Risk Assessments

Children of alcoholic parents face risks at home and from their genetics

/ Author:  / Reviewed by: Joseph V. Madia, MD

Children of alcoholics face a steep uphill battle -- against their at-home environment, their families, even their genetics. Fortunately there is more awareness and research devoted to alcoholism's effects on children than ever before.

The risks associated with parental consumption of alcohol and children are myriad, but let's start off with some basics.

Did you know prenatal alcohol exposure can leave offspring at risk of developing a range of symptoms referred to as fetal alcohol spectrum disorder (FASD)? These symptoms include a number of behavioral, cognitive and social development disorders similar to those seen in attention deficit hyperactivity disorder (ADHD).

In the Genes

Alcoholic parents put children at risk of developing alcoholism themselves. While a complex disease, alcoholism has both genetic and environmental triggers. A gene known as CREB regulates brain function during development and learning, and has been shown to play a role in alcohol tolerance, dependence and withdrawal symptoms. When there is less CREB in the region of the brain known as the central amygdala, rat models displayed increased anxiety-related behaviors and a preference for alcohol. This discovery -- made in 2004 -- underscores the genetic link to alcoholism researchers had presupposed for decades.

Rats deficient in the CREB gene drank about 50 percent more alcohol than normal rats in a 2004 study from the University of Illinois at Chicago.

The effects of alcoholism in parents are far-reaching, too, extending to children at increasingly young ages. A recent study from Odyssey House, one of the largest rehabilitation clinics in Australia, finds 90 percent of residents there named their introduction to intoxication as early as age 12.

Solutions?

Throughout the past decade, alcohol consumption in adolescents ages 12 to 17 has increased two-fold. To address this alarming increase, researchers at King's College London's Institute of Psychiatry devised a personality-based intervention for substance abuse to be delivered by teachers -- and it works.

The researchers at King's College assessed the mental health symptoms, academic achievement and substance use uptake over a two-year period among 2,506 adolescents with a mean age of 13.7. They found a 55 percent decreased risk of binge-drinking in a group that received intervention compared with controls who did not receive intervention. The control group was only 1.7 times more likely to report subsequent alcohol use than those who received the teacher-based intervention.

Good News

When interventions fail -- as they will inevitably for some young people -- genes could again play an important role, this time in preventing alcoholism.

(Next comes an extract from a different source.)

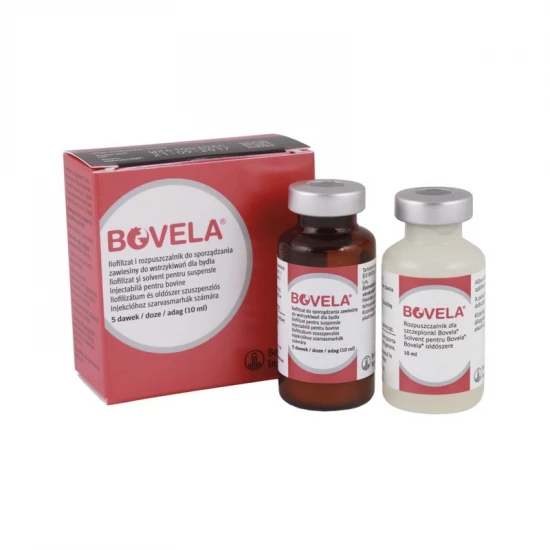 Bovela BVD vakcina 5 adag 10 ml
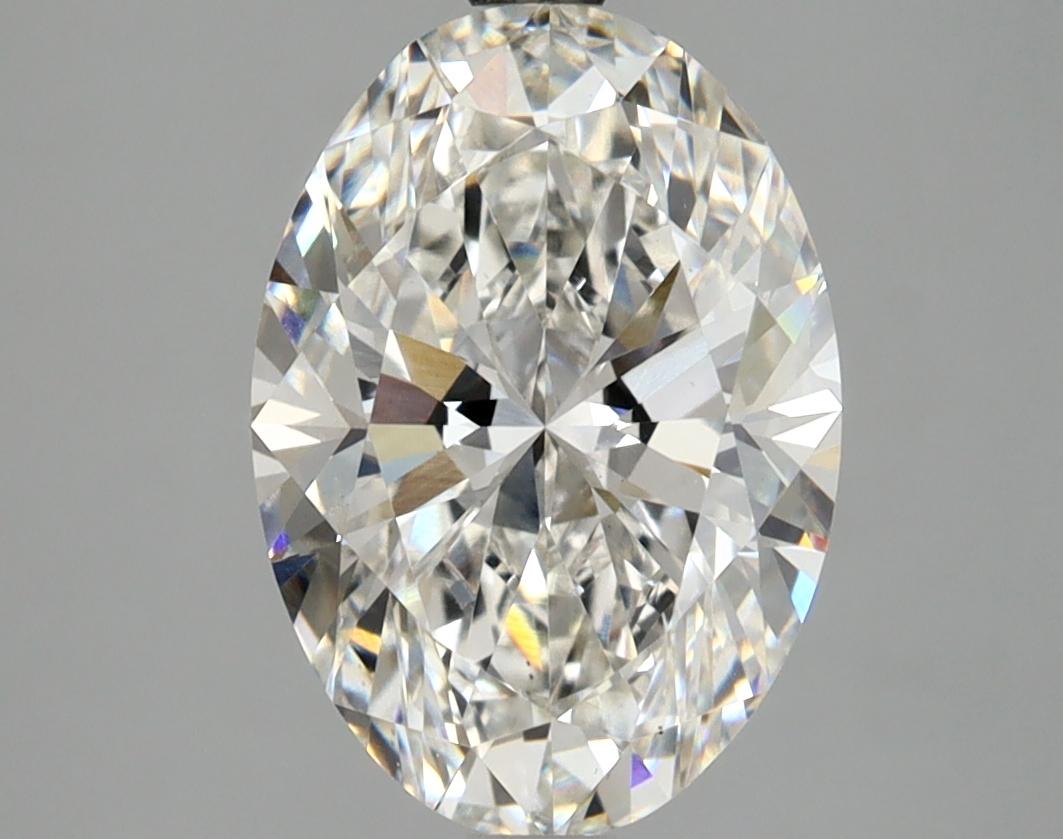 3.97 Carat Oval Shaped Ideal Cut VS1 IGI Certified Lab Grown Diamond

Researchers from the University of North Carolina at Chapel Hill School of Medicine recently pinpointed a gene variant (CYP2E1) that protects against alcoholism, according to the research.

The variant is associated with a person's response to alcohol, intensifying its effects. For people with this variant, just a drink or two leaves them feeling more inebriated than everyone else. The good news is individuals with the CYP2E1 variant are less likely to become alcoholics, according to the study.

"We have found a gene that protects against alcoholism," said senior study author Kirk Wilhelmsen, M.D., Ph.D., professor of genetics at UNC.

Step One ...

If you or a loved one is a parent and also an alcoholic, you owe it to your children to protect them from the devastating effects of this malicious disease by seeking professional help -- before your problem becomes theirs.